Ken Ham says something stupid and dishonest again.
The fish that forgot to evolve? Here’s the difference between observational and historical science: https://t.co/gDBi6iQhjh
— Ken Ham (@aigkenham) November 6, 2015
The fish that forgot to evolve? Here’s the difference between observational and historical science: ow.ly/Ug1wU
If you bother to read the awful article, it includes a standard creationist canard: Coelacanths haven’t changed a bit over their long history, and this disproves evolution.
Well, this fish apparently forgot to evolve for 65 million years! You see, the living coelacanth is easily recognizable from the fossils. Despite having supposedly “primitive” features, many of these features not seen in any living vertebrates, this fish has survived basically unchanged for an alleged 70 million years.1 How is this possible?
Well, it’s a matter of interpretation. You see the fossil of the coelacanth is studied in the present—we observe it today. But what happened to make it a fossil is in the past—it’s historical science because we can’t directly test, observe, or repeat the past.

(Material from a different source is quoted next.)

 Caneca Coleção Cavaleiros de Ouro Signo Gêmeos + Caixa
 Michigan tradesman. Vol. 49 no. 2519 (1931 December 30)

So what you believe about the past is going to influence your interpretation of the evidence. In the case of the coelacanth, evolutionists have the presupposition that the fossil record shows Earth’s history over millions of years. So when they find this fossil that doesn’t have a living match today, they interpreted that fossil to have gone extinct millions of years ago. Now, the fossil itself didn’t tell them that. Their interpretation of that fossil through their evolutionary worldview drew that conclusion. And that conclusion turned out to be very wrong. Coelacanths were happily swimming deep in the ocean all along and were even being sold in fish markets, unbeknownst to scientists.